▶ **What needs to be done**
Give again, exactly and only, the lines running from the one with "Vớ Phối Ren" to the end of the material below; leave out pictures.

(Collected material)

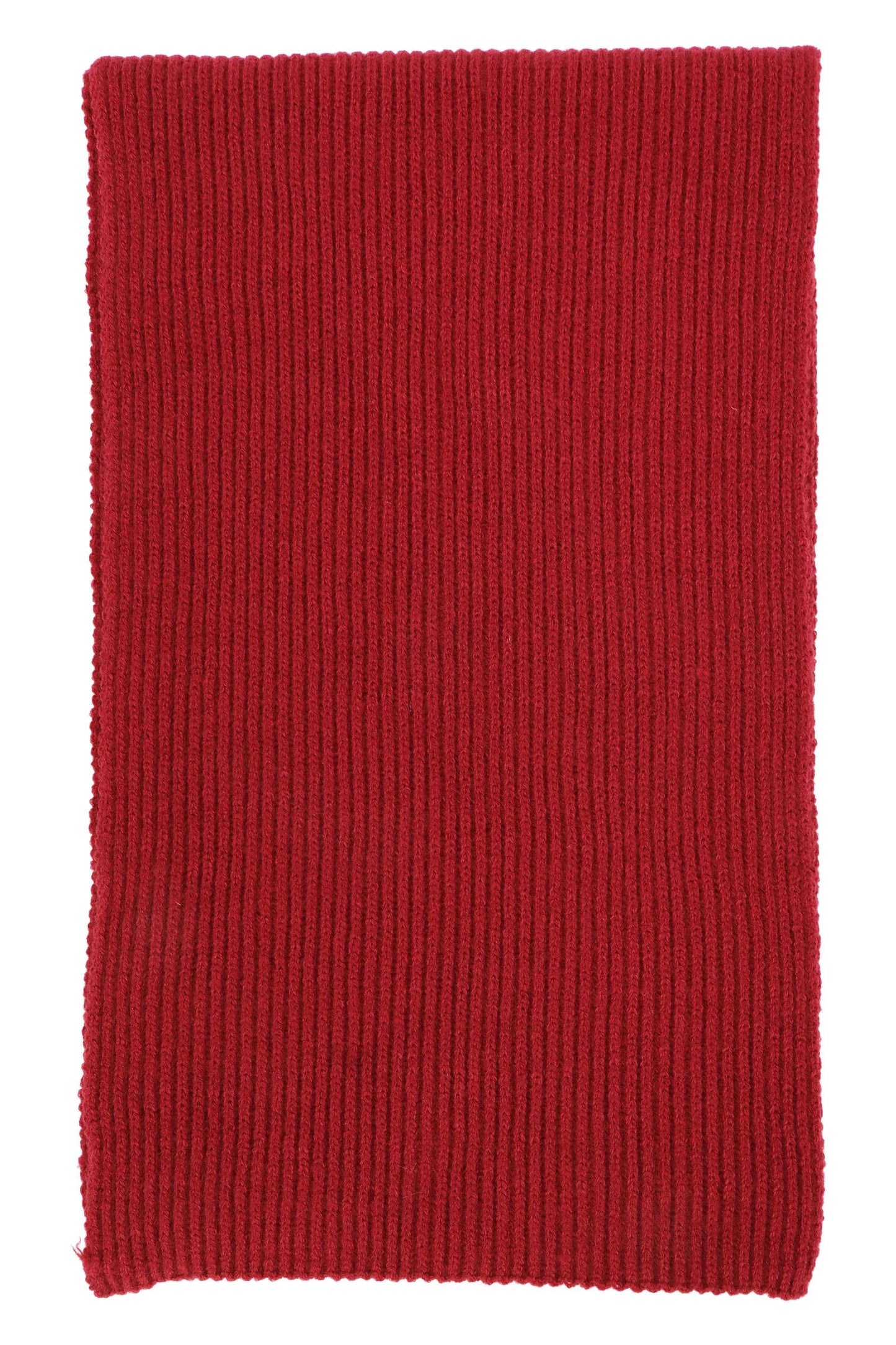 Solid Wide Rib Knitted Wrap Scarf - 57 Inch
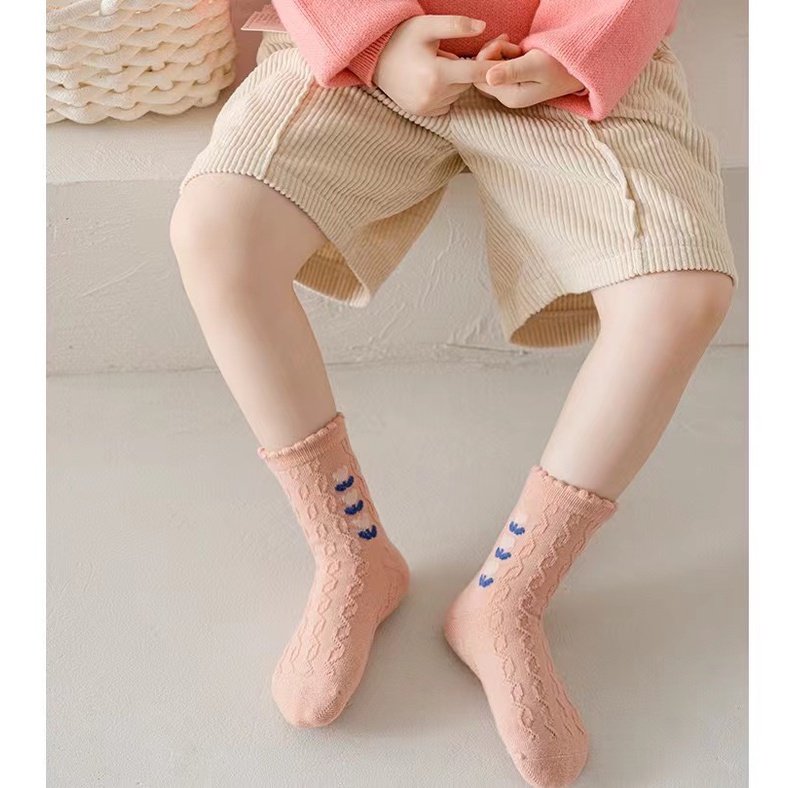 Vớ Phối Ren Họa Tiết Hoạt Hình Phong Cách Hàn Quốc Thời Trang Thu Đông 2022 Cho Bé Gái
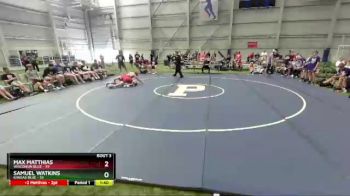 182 lbs Round 1 (8 Team) - Max Matthias, Wisconsin Blue vs Samuel Watkins, Kansas Blue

(End Collected material)

▶ **Task solution**
 Vớ Phối Ren Họa Tiết Hoạt Hình Phong Cách Hàn Quốc Thời Trang Thu Đông 2022 Cho Bé Gái
 182 lbs Round 1 (8 Team) - Max Matthias, Wisconsin Blue vs Samuel Watkins, Kansas Blue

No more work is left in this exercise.